All errors noted in the cuisine check have been noted, and corrections have been made in the code below.  This exercise was simply done to explore data before creating the .JSON file. This analysis shows that there are definite problems with the cuisine classifications of food nodes within the data.  Let's create a JSON now!

# Create the New .JSON file from the .OSM file

In [7]:
#checks if postal code within valid range, if not replaces with 11000 default
def update_postal_code(postal_code):
    try:
        if not (postal_code_range[0] <= int(postal_code) <= postal_code_range[1]):
            raise ValueError
        else:
            return int(postal_code)
    except ValueError:
        return postal_code_default

#standardizes phone number formatting
def update_phone_number(phone_number):
    phone_number = phone_number.translate(None, ' ()-+')
    phone_number = '+1' + phone_number[-10:]
    return phone_number

#standardizes street types with a replacement map
def update_name(name, mapping):
    name = name.split(' ')
    type = name[-1]
    if type in mapping:
        name[-1] = mapping[type]
    
    name = ' '.join(name)
    name = name.title()

    return name

In [8]:
lower = re.compile(r'^([a-z]|_)*$')
lower_colon = re.compile(r'^([a-z]|_)*:([a-z]|_)*$')
problemchars = re.compile(r'[=\+/&<>;\'"\?%#$@\,\. \t\r\n]')

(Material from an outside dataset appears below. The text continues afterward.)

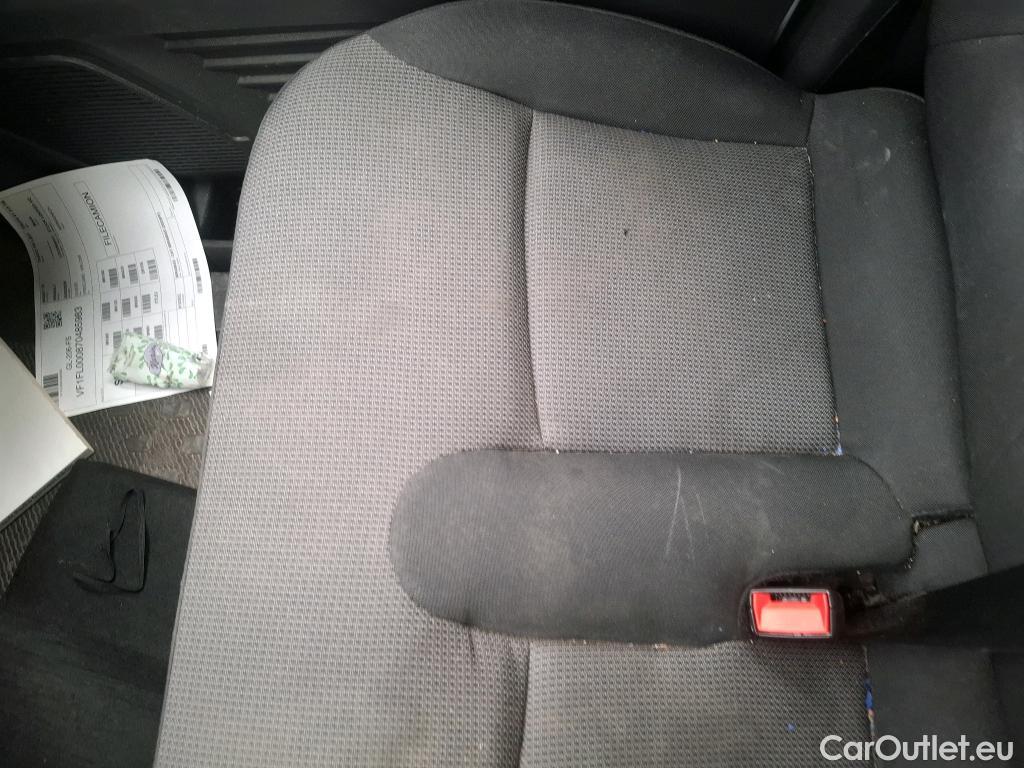  Renault  Trafic  III Fourgon L2H1 3T Confort 2.0 dCi 130CV BVM6 E6d #143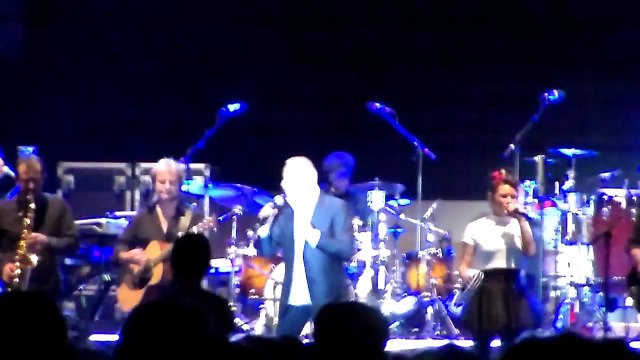 Concert Michel Fugain aux arènes du Tempéras Alès - Ouverture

CREATED = ["version", "changeset", "timestamp", "user", "uid"]

street_mapping = {
    ',': '',
    '?': '',
    "'": '',
    ".": "",
    'Avenue 1': '',
    'Avenue 2': '',
    'Avenue 3': '',
    'Avenue 4': '',
    'road': 'Road',
    'way': 'Way',
    'Ave': 'Avenue',
    'Rd': 'Road',
    'St': 'Street',
    'St.': 'Street',
    'street':'Street',
    'Rd': 'Road',
    'Rd.': 'Road',
    'Ln':'Lane',}

def shape_element(e):
    node = {}
    node['created'] = {}
    node['pos'] = [0,0]
    if e.tag == "way":
        node['node_refs'] = []
    if e.tag == "node" or e.tag == "way" :
        node['type'] = e.tag
        #attributes
        for k, v in e.attrib.iteritems():
            #latitude
            if k == 'lat':
                try:
                    lat = float(v)
                    node['pos'][0] = lat
                except ValueError:
                    pass
            #longitude
            elif k == 'lon':
                try:
                    lon = float(v)
                    node['pos'][1] = lon
                except ValueError:
                    pass
            #creation metadata
            elif k in CREATED:
                node['created'][k] = v
            else:
                node[k] = v
        #children
        for tag in e.iter('tag'):
            k = tag.attrib['k']
            v = tag.attrib['v']
            if problemchars.match(k):
                continue
            elif lower_colon.match(k):
                k_split = k.split(':')
                #address fields
                if k_split[0] == 'addr':
                    k_item = k_split[1]
                    if 'address' not in node:
                        node['address'] = {}
                    #streets
                    if k_item == 'street':
                        v = update_name(v, street_mapping)                    
                    #postal codes
                    if k_item == 'postcode':
                        v = update_postal_code(v)
                    node['address'][k_item] = v
                    continue
            else:                
                #phone numbers
                if(is_phone_number(tag)):
                    v = update_phone_number(v)

            node[k] = v
        #way children
        if e.tag == "way":
            for n in e.iter('nd'):
                ref = n.attrib['ref']
                node['node_refs'].append(ref);
        return node
    else:
        return None


def process_map(file_in, pretty = False):
    file_out = "{0}.json".format(file_in)
    data = []
    with codecs.open(file_out, "w") as fo:
        for _, element in ET.iterparse(file_in):
            el = shape_element(element)
            if el:
                data.append(el)
                if pretty:
                    fo.write(json.dumps(el, indent=2)+"\n")
                else:
                    fo.write(json.dumps(el) + "\n")
    return data

def test():
    data = process_map(OSMFILE, True)
    # pprint.pprint(data)


if __name__ == "__main__":
    test()

# Import to MongoDB

Once this JSON file is created, I now opened up terminal and imported the file we just created into the MongoDB.  See below for command line promt entry

# 2. Data Overview

## File Sizes

In [9]:
# Size of the OSM and JSON files.
import os
def get_size_in_mb_of_relative_file(file_name):
    wd = %pwd
    return os.stat(wd + '/' + file_name).st_size / 1000.0 / 1000.0

for file_name in [OSMFILE, OSMFILE + '.json']:
    file_size = get_size_in_mb_of_relative_file(file_name)
    print "{} is {} MB in size.".format(file_name, file_size)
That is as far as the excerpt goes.